> What you should do
Extract precisely the lines of the entries below, from the first line through the line containing "Mercedes-Benz Class A".

(Collected data)

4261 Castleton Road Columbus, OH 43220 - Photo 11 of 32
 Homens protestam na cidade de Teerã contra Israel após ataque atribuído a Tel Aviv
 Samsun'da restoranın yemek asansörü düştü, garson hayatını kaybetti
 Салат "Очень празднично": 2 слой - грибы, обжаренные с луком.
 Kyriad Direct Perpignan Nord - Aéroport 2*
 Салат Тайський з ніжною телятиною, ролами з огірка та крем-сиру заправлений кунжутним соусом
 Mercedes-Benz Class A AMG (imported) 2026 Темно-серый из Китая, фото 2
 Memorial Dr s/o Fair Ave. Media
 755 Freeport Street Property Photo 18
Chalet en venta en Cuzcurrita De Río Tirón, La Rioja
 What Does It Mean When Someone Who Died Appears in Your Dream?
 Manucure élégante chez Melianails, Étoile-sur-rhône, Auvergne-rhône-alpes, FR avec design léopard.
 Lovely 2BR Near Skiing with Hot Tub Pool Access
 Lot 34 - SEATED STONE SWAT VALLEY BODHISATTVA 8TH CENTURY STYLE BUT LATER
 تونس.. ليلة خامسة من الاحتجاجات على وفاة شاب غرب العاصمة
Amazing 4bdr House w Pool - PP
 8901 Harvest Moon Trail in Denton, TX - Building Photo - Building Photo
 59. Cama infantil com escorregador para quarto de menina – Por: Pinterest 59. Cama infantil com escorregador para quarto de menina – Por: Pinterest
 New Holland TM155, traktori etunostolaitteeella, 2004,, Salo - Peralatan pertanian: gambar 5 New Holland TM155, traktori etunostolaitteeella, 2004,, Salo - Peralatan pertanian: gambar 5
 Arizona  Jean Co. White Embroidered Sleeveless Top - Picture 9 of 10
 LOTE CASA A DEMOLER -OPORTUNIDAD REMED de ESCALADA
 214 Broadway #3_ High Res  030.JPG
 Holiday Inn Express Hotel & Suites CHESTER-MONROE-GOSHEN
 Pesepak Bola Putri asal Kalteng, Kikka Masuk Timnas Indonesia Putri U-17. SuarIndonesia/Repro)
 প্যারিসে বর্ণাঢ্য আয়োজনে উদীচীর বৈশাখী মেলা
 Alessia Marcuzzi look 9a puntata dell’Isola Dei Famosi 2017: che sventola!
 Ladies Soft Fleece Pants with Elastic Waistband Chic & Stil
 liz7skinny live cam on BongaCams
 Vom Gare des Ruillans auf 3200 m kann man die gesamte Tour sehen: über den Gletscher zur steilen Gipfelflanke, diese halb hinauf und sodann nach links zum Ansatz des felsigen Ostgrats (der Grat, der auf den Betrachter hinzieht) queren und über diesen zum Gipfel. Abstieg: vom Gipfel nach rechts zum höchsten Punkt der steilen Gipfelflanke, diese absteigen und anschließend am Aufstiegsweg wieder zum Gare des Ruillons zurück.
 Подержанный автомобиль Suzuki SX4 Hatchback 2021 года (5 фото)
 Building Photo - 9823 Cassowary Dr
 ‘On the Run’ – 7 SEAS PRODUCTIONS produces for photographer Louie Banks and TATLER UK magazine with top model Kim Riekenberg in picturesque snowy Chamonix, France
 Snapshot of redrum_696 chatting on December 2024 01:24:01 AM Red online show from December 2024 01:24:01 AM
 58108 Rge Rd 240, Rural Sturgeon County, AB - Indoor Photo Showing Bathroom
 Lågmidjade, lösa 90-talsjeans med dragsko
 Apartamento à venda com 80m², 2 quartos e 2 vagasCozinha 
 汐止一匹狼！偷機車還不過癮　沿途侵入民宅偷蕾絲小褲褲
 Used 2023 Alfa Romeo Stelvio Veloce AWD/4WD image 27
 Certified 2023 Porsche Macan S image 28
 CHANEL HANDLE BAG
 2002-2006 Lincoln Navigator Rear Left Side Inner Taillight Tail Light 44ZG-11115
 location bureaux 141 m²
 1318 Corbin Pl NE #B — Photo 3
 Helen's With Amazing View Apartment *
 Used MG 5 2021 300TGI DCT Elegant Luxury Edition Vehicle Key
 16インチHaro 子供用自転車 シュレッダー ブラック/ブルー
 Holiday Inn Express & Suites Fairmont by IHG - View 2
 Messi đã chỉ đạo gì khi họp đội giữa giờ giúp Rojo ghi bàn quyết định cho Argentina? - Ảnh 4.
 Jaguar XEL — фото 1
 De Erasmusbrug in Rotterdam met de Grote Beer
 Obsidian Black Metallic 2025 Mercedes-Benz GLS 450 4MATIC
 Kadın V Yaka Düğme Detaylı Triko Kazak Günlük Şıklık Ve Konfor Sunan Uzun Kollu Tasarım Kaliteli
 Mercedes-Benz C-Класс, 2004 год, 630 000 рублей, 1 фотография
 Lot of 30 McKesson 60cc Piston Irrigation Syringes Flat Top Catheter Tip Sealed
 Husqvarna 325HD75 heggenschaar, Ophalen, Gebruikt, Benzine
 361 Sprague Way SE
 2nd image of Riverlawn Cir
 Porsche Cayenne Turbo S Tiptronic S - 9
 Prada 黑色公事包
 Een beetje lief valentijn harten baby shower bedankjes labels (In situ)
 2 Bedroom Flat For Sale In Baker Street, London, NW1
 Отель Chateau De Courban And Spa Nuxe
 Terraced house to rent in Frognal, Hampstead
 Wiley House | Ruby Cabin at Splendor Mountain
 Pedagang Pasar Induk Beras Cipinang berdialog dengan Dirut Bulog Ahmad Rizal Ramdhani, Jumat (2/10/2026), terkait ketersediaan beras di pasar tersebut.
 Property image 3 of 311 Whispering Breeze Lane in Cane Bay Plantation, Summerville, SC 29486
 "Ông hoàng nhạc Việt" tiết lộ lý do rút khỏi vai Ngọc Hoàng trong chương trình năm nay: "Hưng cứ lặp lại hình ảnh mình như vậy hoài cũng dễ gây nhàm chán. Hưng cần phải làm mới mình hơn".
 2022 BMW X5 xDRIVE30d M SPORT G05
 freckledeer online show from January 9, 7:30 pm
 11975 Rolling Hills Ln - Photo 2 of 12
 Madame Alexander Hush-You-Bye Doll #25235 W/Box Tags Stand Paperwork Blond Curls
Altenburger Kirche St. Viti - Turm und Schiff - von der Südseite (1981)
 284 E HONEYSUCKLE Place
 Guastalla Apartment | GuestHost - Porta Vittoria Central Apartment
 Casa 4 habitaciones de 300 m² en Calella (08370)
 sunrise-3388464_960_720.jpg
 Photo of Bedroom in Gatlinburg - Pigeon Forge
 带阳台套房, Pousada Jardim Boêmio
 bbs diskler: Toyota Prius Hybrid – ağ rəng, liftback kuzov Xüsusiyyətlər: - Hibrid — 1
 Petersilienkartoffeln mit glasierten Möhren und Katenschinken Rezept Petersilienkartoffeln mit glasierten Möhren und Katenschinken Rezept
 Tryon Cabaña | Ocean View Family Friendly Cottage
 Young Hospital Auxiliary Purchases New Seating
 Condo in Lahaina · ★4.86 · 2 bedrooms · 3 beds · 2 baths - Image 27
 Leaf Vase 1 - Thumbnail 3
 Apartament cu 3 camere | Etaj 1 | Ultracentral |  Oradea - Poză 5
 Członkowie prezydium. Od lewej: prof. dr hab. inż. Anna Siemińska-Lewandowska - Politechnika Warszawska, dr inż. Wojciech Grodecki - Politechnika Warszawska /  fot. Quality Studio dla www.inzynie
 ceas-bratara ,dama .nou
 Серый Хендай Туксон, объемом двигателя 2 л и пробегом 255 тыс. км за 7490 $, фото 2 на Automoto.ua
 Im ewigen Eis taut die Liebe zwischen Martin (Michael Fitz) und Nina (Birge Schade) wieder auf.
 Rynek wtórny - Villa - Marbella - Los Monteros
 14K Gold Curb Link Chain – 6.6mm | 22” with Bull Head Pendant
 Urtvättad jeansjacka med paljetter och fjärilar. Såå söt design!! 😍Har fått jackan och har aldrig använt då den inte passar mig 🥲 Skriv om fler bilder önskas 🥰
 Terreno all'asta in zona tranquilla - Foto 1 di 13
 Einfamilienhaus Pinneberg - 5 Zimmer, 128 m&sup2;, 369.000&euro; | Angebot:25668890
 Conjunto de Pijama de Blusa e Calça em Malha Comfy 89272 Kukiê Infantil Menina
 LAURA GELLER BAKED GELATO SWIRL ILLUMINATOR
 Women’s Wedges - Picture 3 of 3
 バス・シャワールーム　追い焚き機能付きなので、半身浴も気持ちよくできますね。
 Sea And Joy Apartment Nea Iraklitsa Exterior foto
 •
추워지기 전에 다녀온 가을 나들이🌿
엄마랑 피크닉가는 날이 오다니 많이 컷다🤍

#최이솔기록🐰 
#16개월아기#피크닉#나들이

> Task answer
4261 Castleton Road Columbus, OH 43220 - Photo 11 of 32
 Homens protestam na cidade de Teerã contra Israel após ataque atribuído a Tel Aviv
 Samsun'da restoranın yemek asansörü düştü, garson hayatını kaybetti
 Салат "Очень празднично": 2 слой - грибы, обжаренные с луком.
 Kyriad Direct Perpignan Nord - Aéroport 2*
 Салат Тайський з ніжною телятиною, ролами з огірка та крем-сиру заправлений кунжутним соусом
 Mercedes-Benz Class A AMG (imported) 2026 Темно-серый из Китая, фото 2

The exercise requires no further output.